__WHAT YOU HAVE TO DO__
Without including any picture, repeat the records below exactly.

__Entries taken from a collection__

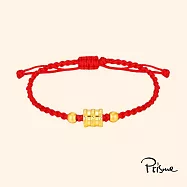【Prisme Gold】Fortune 紅色編織幸運金圓環手環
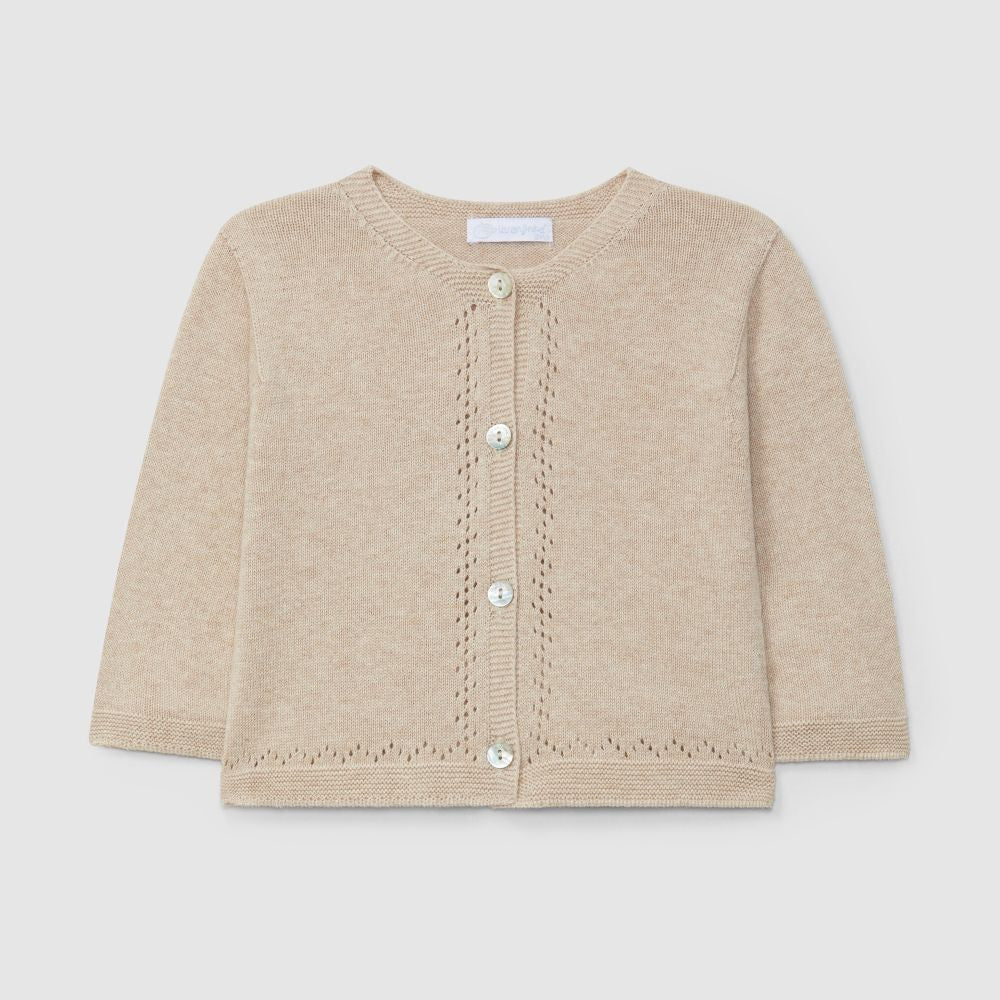 Casaco tricotado com detalhe em ajour - Laranjinha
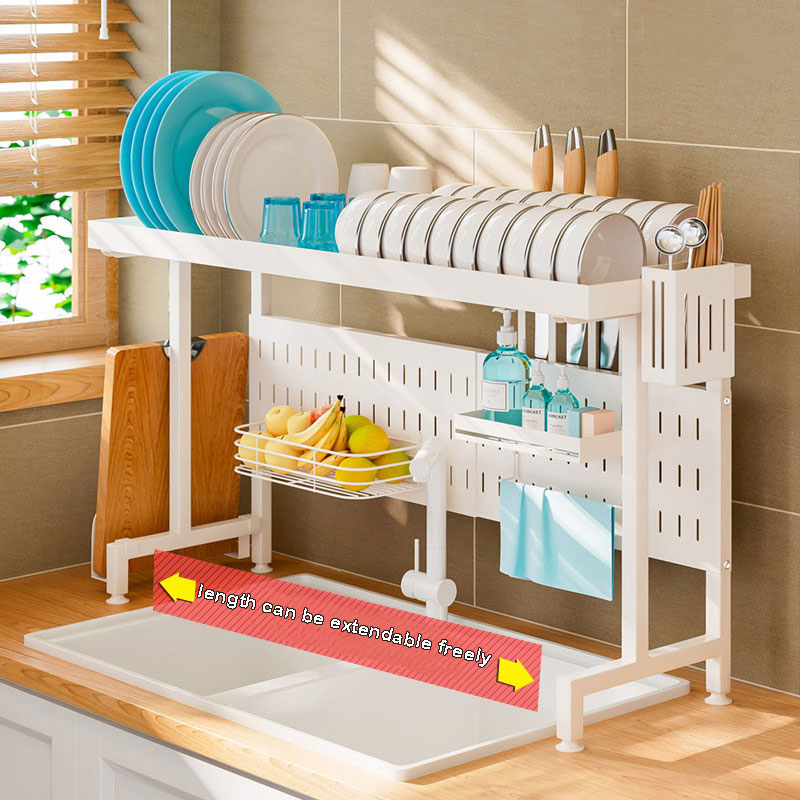 Adjustable Over Sink Dish Rack, Stainless Steel Storage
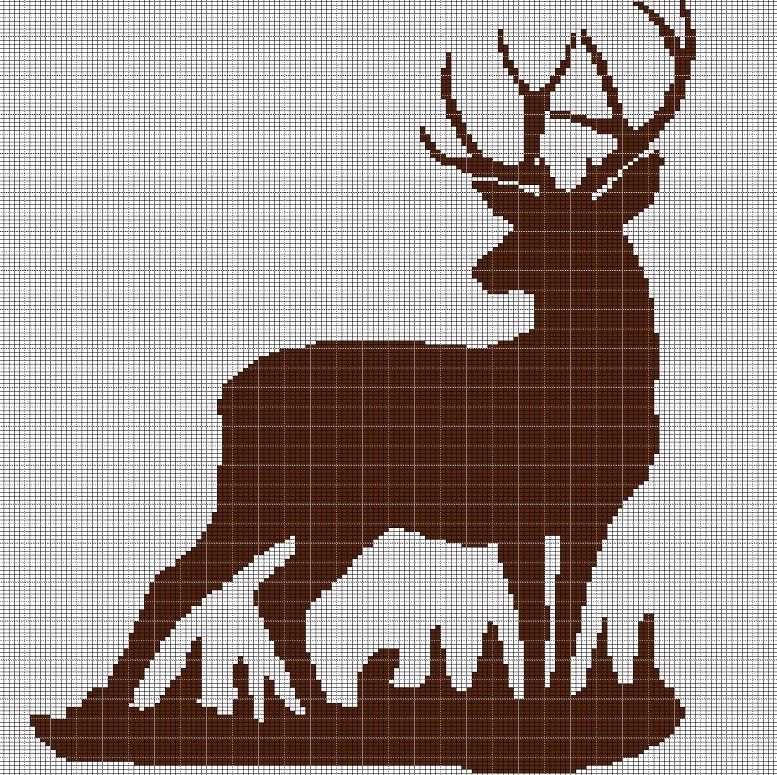 DEER IN GRASS CROCHET AFGHAN PATTERN GRAPH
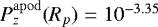 Mathematical equation: $P_{z}^{\mathrm{apod}}(R_{p})=10^{-3.35}$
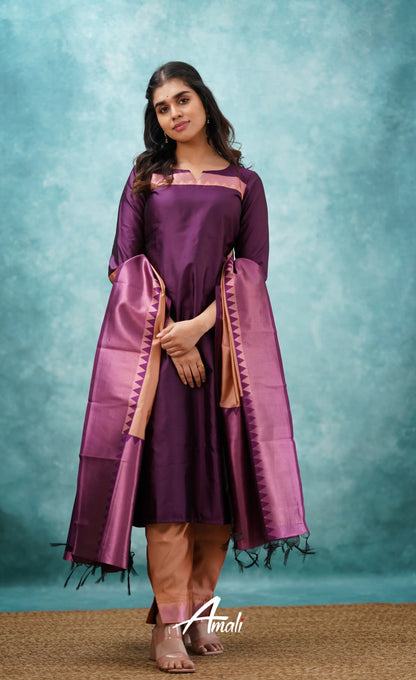 Aditi - Purplish Magenta And Copper Semi Kanchipuram Silk Salwar Salwar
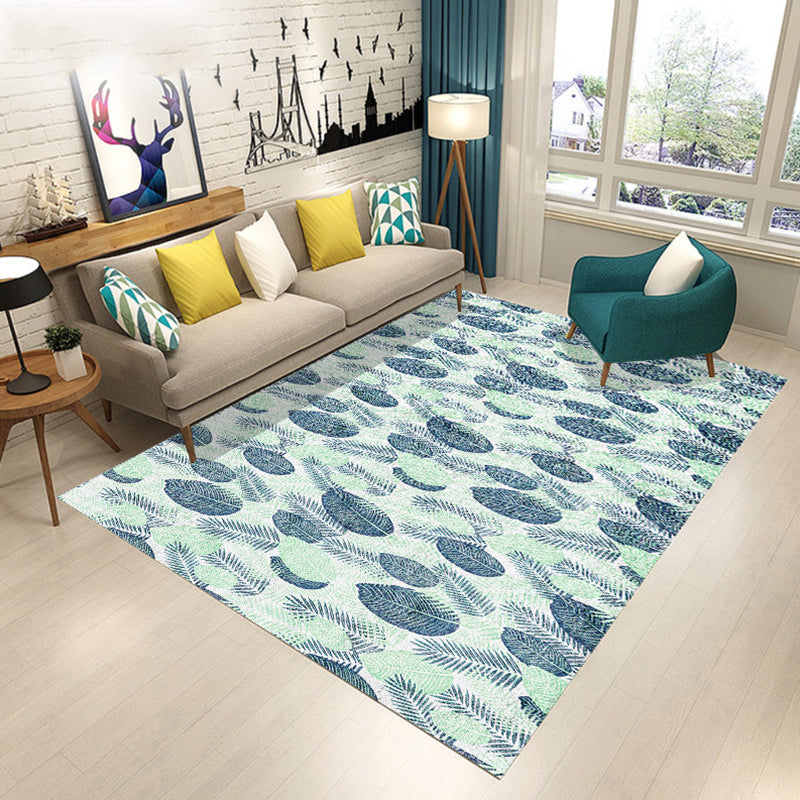 Scandinavian Modern Rug in Black and Blue Botanical Leaf Floral Pattern Rug Polyester Pet Friendly Carpet for Home Decor Blue Clearhalo 'Area Rug' 'Modern' 'Rugs' Rug' 1715319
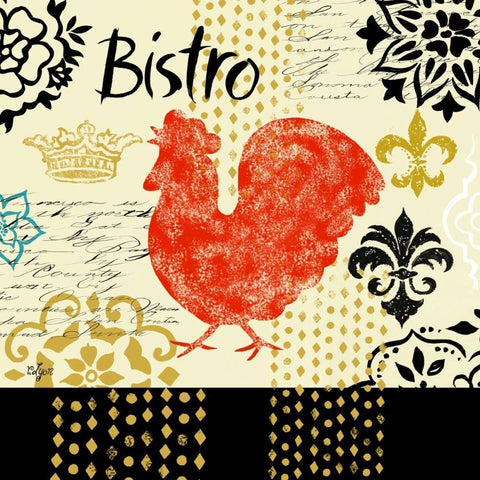 Fleur d Lis Rooster II  White Modern Wood Framed Art Print with Double Matting by Lyon, Rebecca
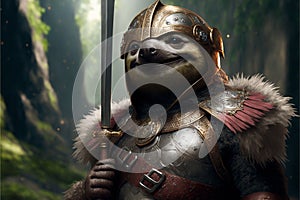 Sloth animal portrait dressed as a warrior fighter or combatant soldier concept. Ai generated
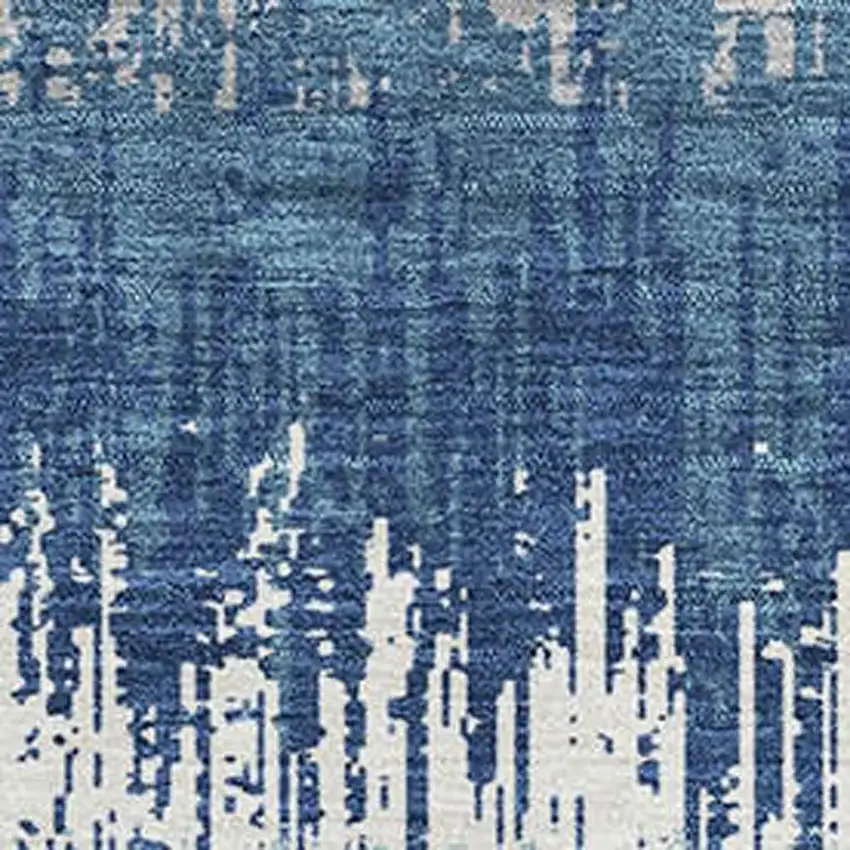 Blue Ivory And Gray Striped Washable Area Rug With UV Protection Photo 2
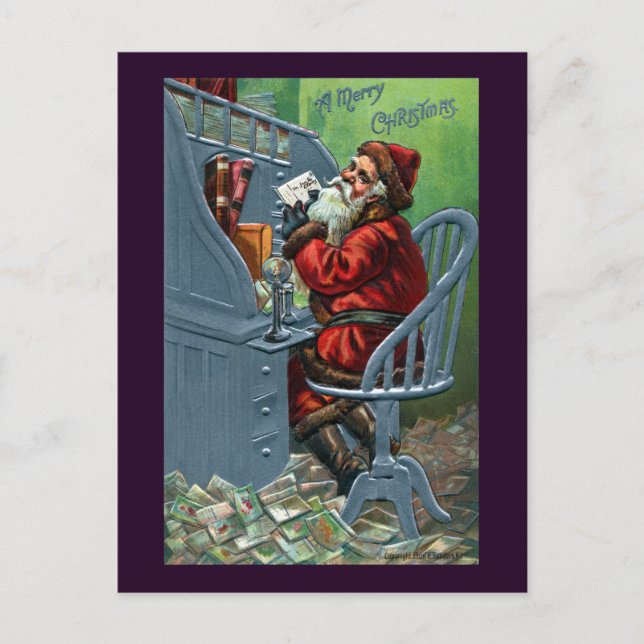 Postal Festiva Santa consigue mucho correo (Anverso)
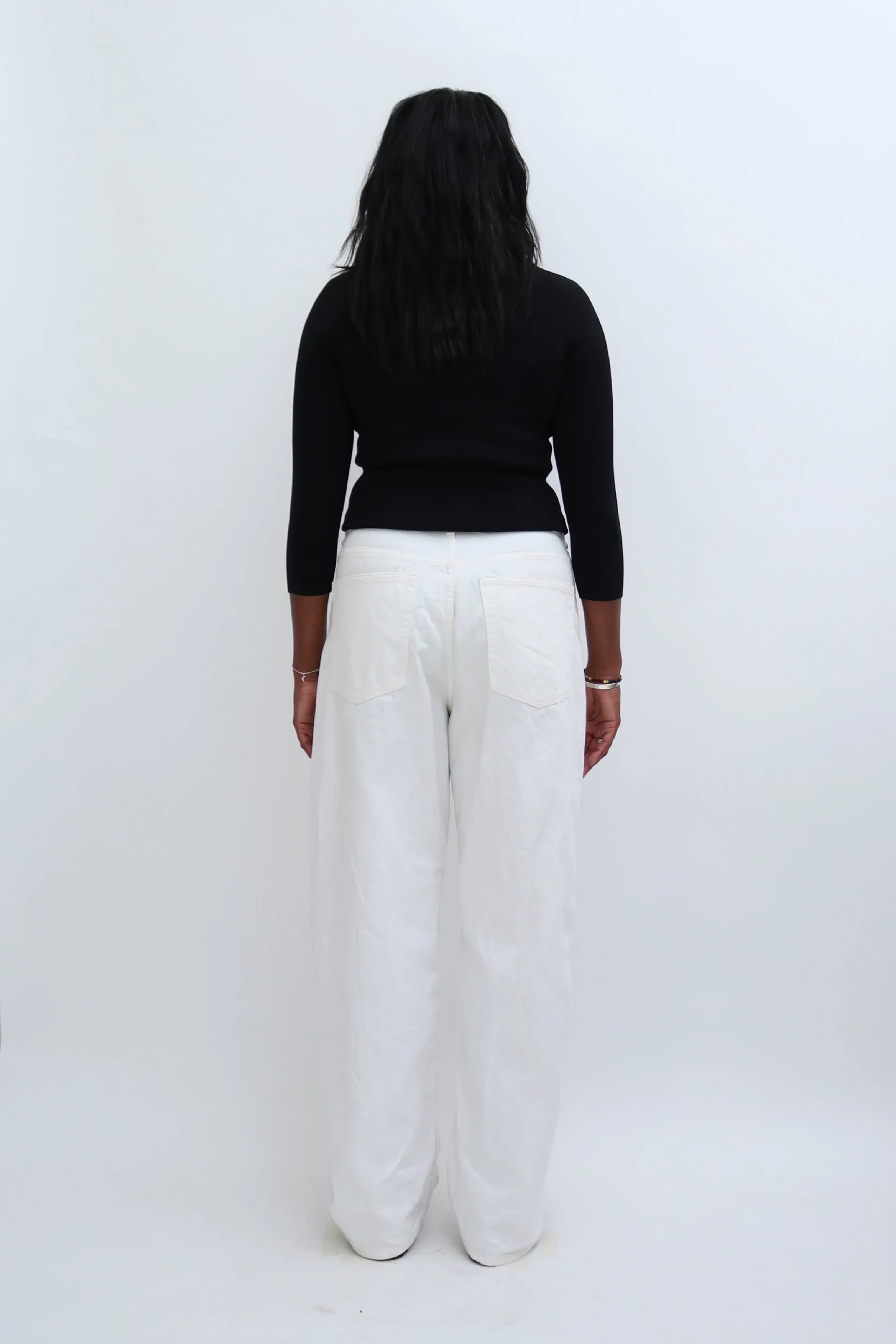 ASYMMETRIC NECK RIBBED LONG SLEEVE TOP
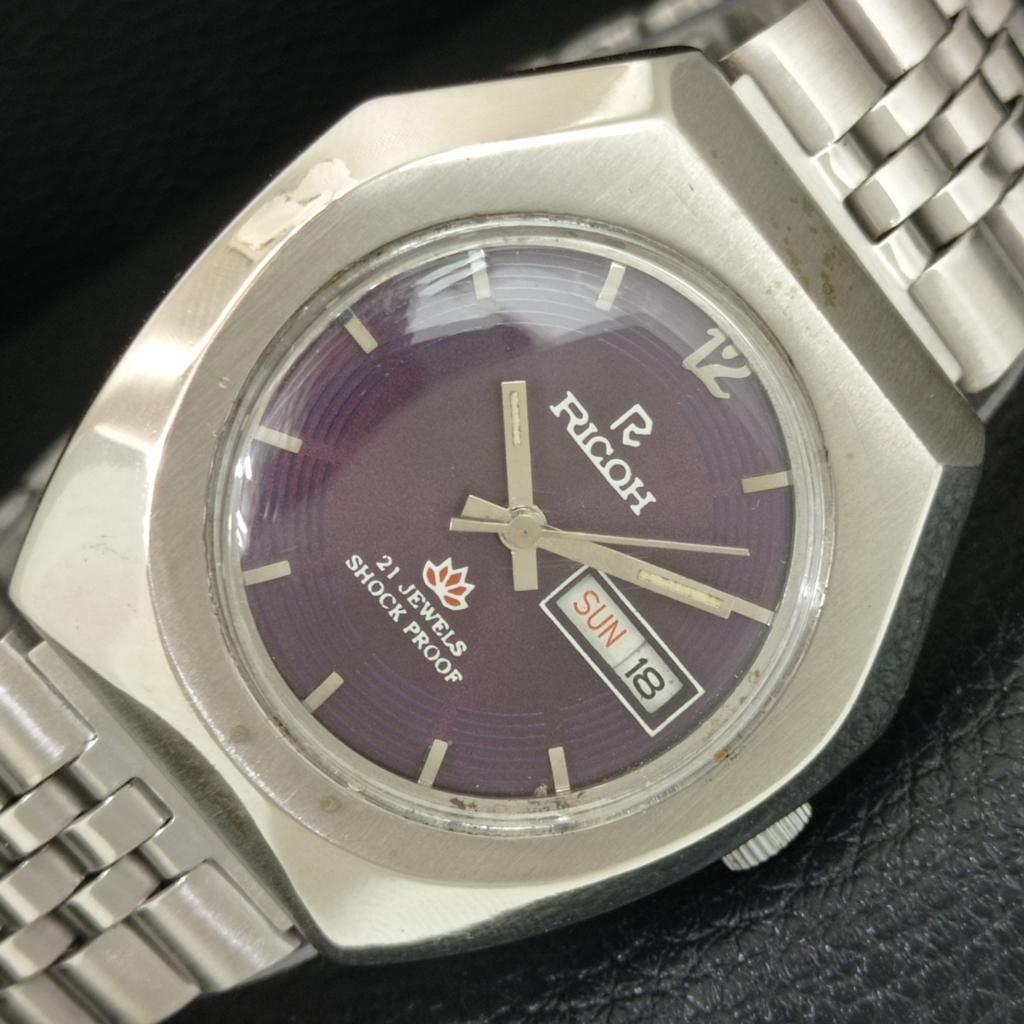 GENUINE VINTAGE RICOH R31 AUTOMATIC JAPAN MENS PURPLE COLOR DIAL WATCH A709232-1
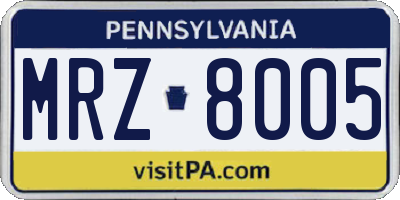 PA license plate MRZ8005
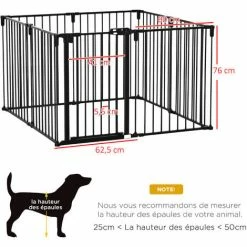 PawHut Barrière De Sécurité - Parc Enclos Chien Modulable Pliable - Porte Verrouillable - 8 Panneaux Acier Et PP - Dim. 482,5L Max. X 76H Cm Noir - Noir -PawHut Soldes Boutique 47140976 3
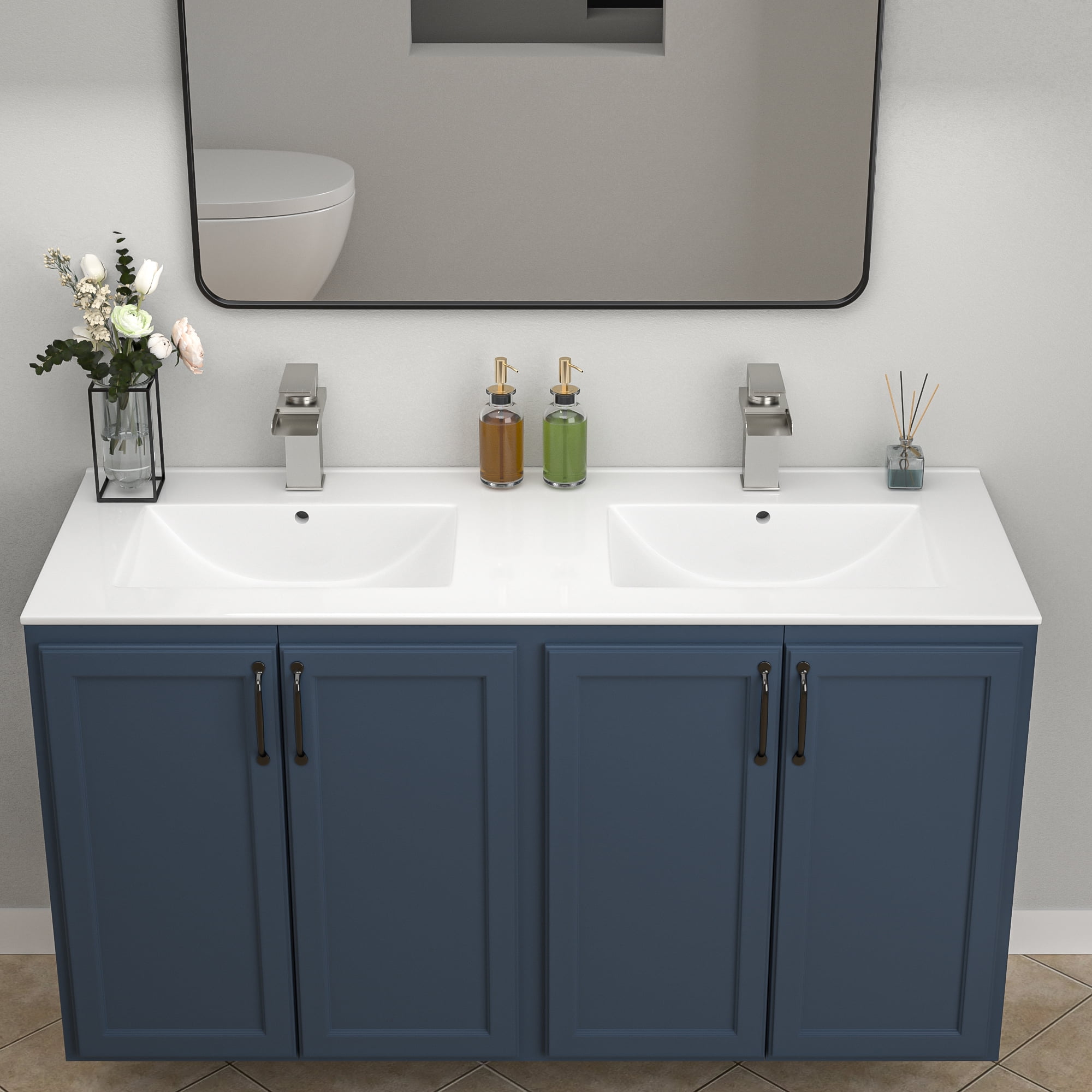 LOGMEY 48" White Ceramic Double Basin Vessel Sink - Above Counter with 2 Faucet Holes & Drip-Free Edge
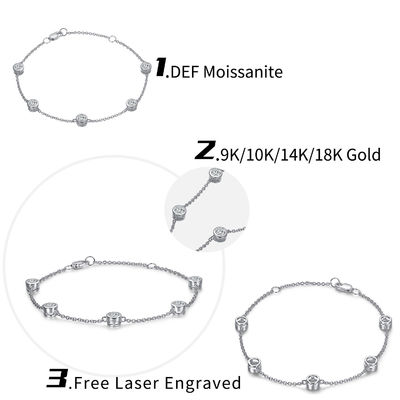Đeo đeo tay kim cương 925 Sterling Silver Moissanite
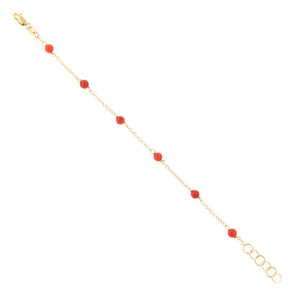 Bracciale Battesimo in Oro Giallo con Coralli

__RESPONSE AREA__
【Prisme Gold】Fortune 紅色編織幸運金圓環手環
 Casaco tricotado com detalhe em ajour - Laranjinha
 Adjustable Over Sink Dish Rack, Stainless Steel Storage
 DEER IN GRASS CROCHET AFGHAN PATTERN GRAPH
 Mathematical equation: $P_{z}^{\mathrm{apod}}(R_{p})=10^{-3.35}$
 Aditi - Purplish Magenta And Copper Semi Kanchipuram Silk Salwar Salwar
 Scandinavian Modern Rug in Black and Blue Botanical Leaf Floral Pattern Rug Polyester Pet Friendly Carpet for Home Decor Blue Clearhalo 'Area Rug' 'Modern' 'Rugs' Rug' 1715319
 Fleur d Lis Rooster II  White Modern Wood Framed Art Print with Double Matting by Lyon, Rebecca
 Sloth animal portrait dressed as a warrior fighter or combatant soldier concept. Ai generated
 Blue Ivory And Gray Striped Washable Area Rug With UV Protection Photo 2
 Postal Festiva Santa consigue mucho correo (Anverso)
 ASYMMETRIC NECK RIBBED LONG SLEEVE TOP
 GENUINE VINTAGE RICOH R31 AUTOMATIC JAPAN MENS PURPLE COLOR DIAL WATCH A709232-1
 PA license plate MRZ8005
 PawHut Barrière De Sécurité - Parc Enclos Chien Modulable Pliable - Porte Verrouillable - 8 Panneaux Acier Et PP - Dim. 482,5L Max. X 76H Cm Noir - Noir -PawHut Soldes Boutique 47140976 3
 LOGMEY 48" White Ceramic Double Basin Vessel Sink - Above Counter with 2 Faucet Holes & Drip-Free Edge
Đeo đeo tay kim cương 925 Sterling Silver Moissanite
 Bracciale Battesimo in Oro Giallo con Coralli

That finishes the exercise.